Zena Simmons, a second-year medical student, has made global health a cornerstone of her education.
As an undergraduate student at Pepperdine University, she led mission trips to bring health care to the medically underserved in Latin America and other regions. She earned two master’s degrees – in biomedical sciences and in public health – from Charles R. Drew University of Medicine and Science in Los Angeles, where she focused on health disparities and research.
At the UC Davis School of Medicine, she is a Vice Chancellor’s Mission-based Advocacy Regional Community Health Scholar, a prestigious award for students who promote the UC Davis Health mission of improving lives and transforming health care.
Simmons’ passion for community health has caught the attention of National Medical Fellowships, which last month awarded her the 2020 Dr. Prentiss Taylor Scholarship.
The highly competitive scholarship is new this year.
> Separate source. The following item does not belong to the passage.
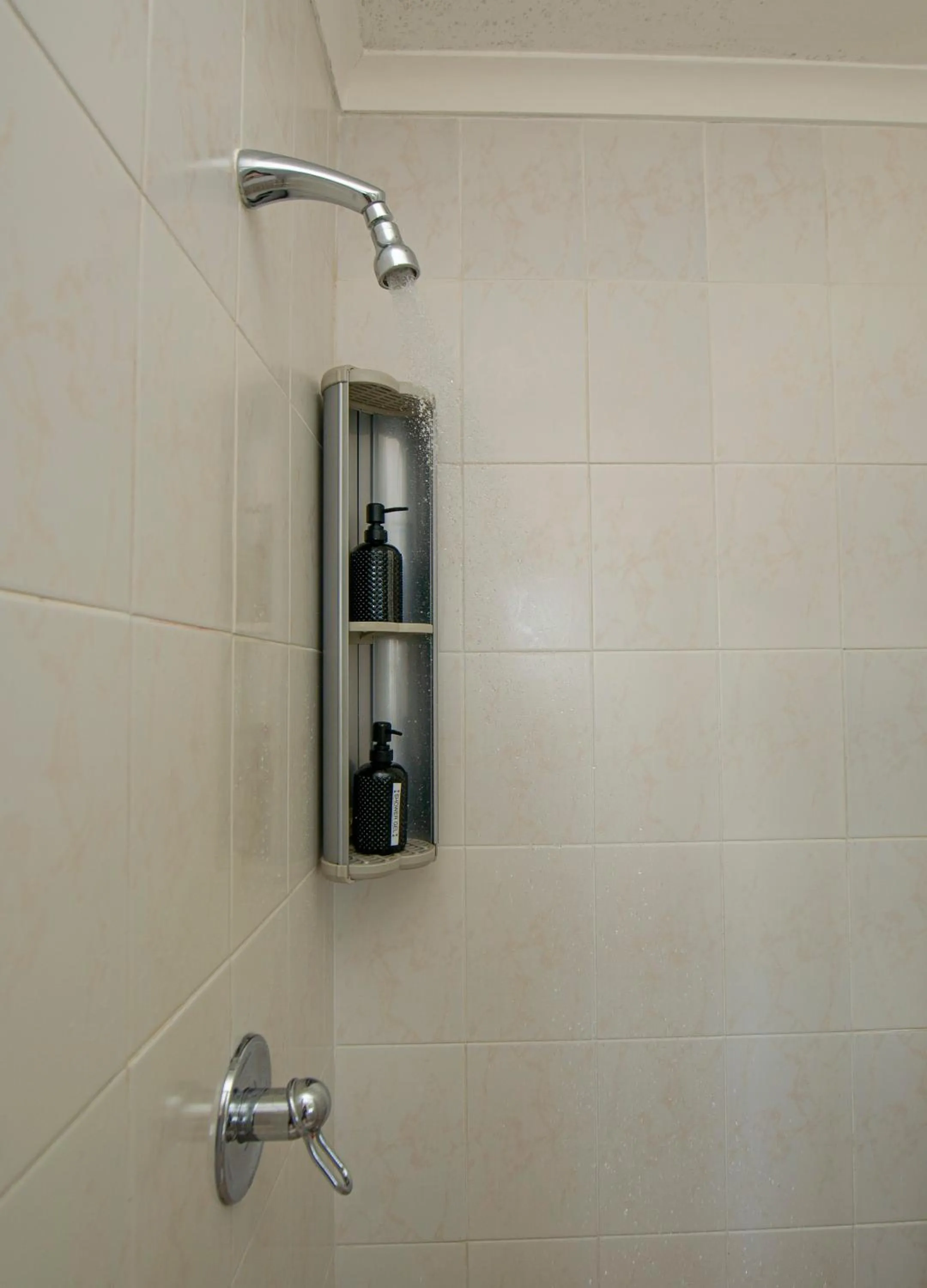 Shower in Thanda Vista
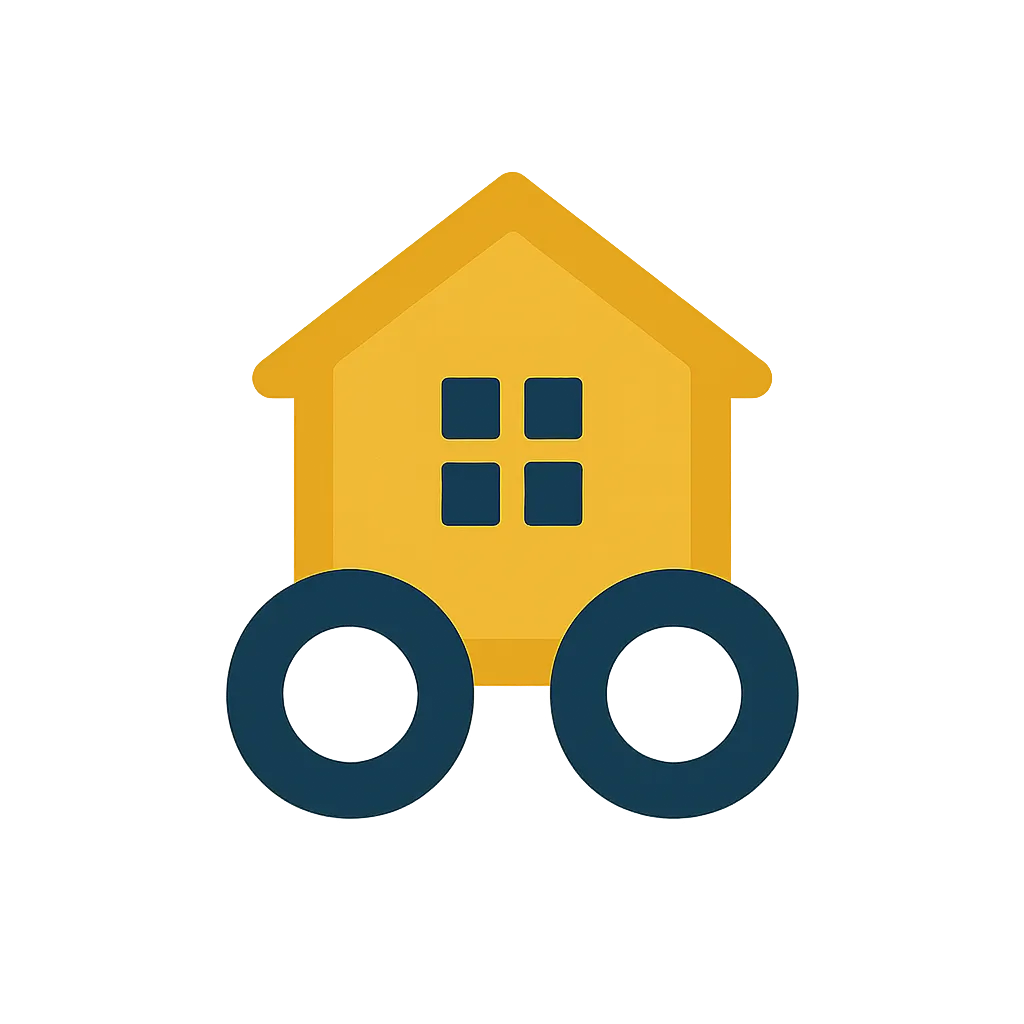 Built On Wheels™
Simmons was the only student in the country to receive it – which shocked her.
“I was completely blown away,” Simmons said. “I called my mom and she was all, ‘I knew you would get it!’”
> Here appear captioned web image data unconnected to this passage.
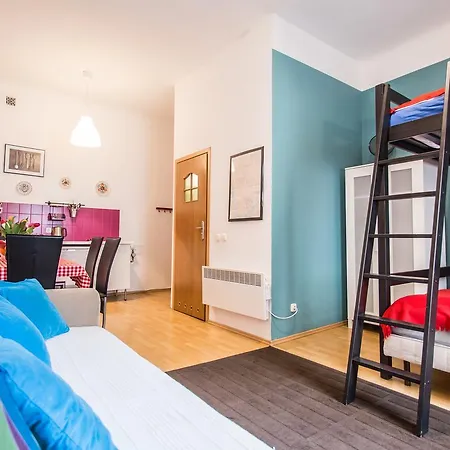 Homely Apartment's Old Town Krakau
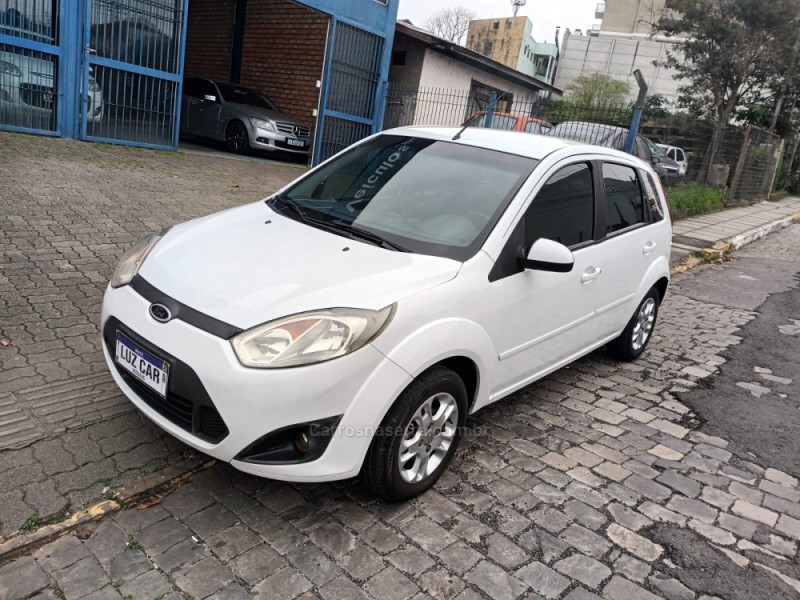 FIESTA 1.6 MPI HATCH 8V FLEX 4P MANUAL - 2013 - BENTO GONçALVES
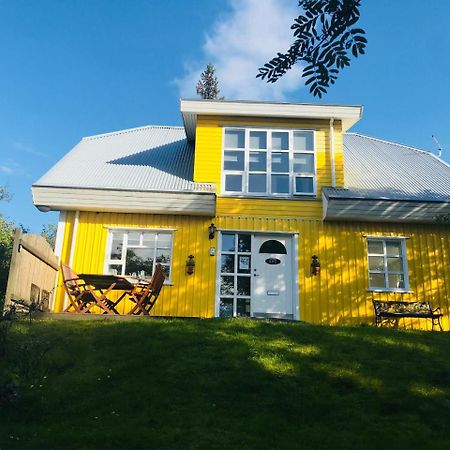 Birta Guesthouse Egilsstadir Exterior photo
The $5,000 award is given to an underrepresented minority medical student who has demonstrated academic excellence, leadership and commitment to community service.
As a child growing up in New Jersey, Simmons looked forward to visiting the hospital where her mom worked as a cardiac technician, especially on the annual Take Your Child to Work Day.
“I always knew I could see myself helping people through health care and healing,” she said.
She also envisioned herself living in California. She majored in sports medicine at Pepperdine while also taking a special interest in foreign languages (she’s fluent in French and Spanish), global health and international studies. During her undergraduate years she traveled extensively for study abroad programs through Europe, Mexico, the Caribbean and South America.
By incorporating mission trips within school curriculum, she initiated and led groups of fellow students to Fiji, Haiti and the Dominican Republic.
After completing both master’s degree programs at Charles R. Drew University of Medicine and Science, Simmons was hired as interim director of Student Affairs at the institution’s Mervyn M. Dymally School of Nursing. There, she expanded educational opportunities for students and created medical mission work for students to gain clinical hours abroad while helping some of the most impoverished communities in the world.
She also thrived in research, publishing studies on the effects of vitamin D on muscle growth and the cardiovascular effects of e-cigarettes.
Simmons chose to apply to UC Davis School of Medicine because it was a “perfect match” for her values, which include a desire to “address conditions that disproportionally affect under-resourced populations.”
She’s been active outside the lecture halls, as chair-elect of the California Medical Association-Medical Student Section and co-president of Organized Medicine, a UC Davis student interest group.
She’s interested in becoming an obstetrician-gynecologist.
Despite having visited more than 25 countries for mission work and international studies, Simmons pictures herself as a “stationary physician” where she can deliver health care to the medically underserved. She’s also drawn to health care policy and research.
But when she takes vacation time during her career, Simmons said, she’ll likely use it to perform mission work.